Currently reading back and forth between
Coyote America by Dan Flores and
The First Frontier: The Forgotten History of Struggle, Savagery, & Endurance in Early America by Scott Weidensaul. I'd give the thumbs up to both if you're into natural history.
Last week I flew through
A Sand County Almanac as recommended on
this thread. Fantastic book and can't believe I didn't read it sooner.

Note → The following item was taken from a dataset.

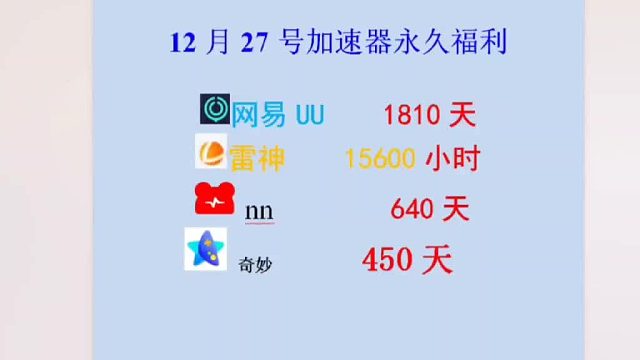 12月27日网易UU兑换码，雷神/奇妙/NN兑换口令，手慢无，UU加速器，雷神加速器，奇妙加速器，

Hunting how-to's just don't move my needle anymore, but in the past one that stuck with me that I still page through from time to time are the is one put out by Deer and Deer Hunting that has cliff notes of a bunch of scientific studies among other articles. Google machine isn't turning that one up, I'll have to find it later.
I also have
Mapping Trophy Bucks and a couple other hunting books by Greg Miller and the Wenzels that were pretty good reads but I don't remember anything especially memorable about either. I'm not by any means saying I know everything deer, but anymore I see most hunting media as self-aggrandizing mumbo jumbo.
Mapping Trophy Bucks was revolutionary, but with OnX and Youtuber instructionals I would argue a lot of those fundamentals are to the point of being counterproductive for the public land hunter anymore.
That Wild Country: An Epic Journey through the Past, Present, and Future of America's Public Lands
By Mark Kenyon
Whatcha think of it? Keeps popping up in my Kindle recommendations.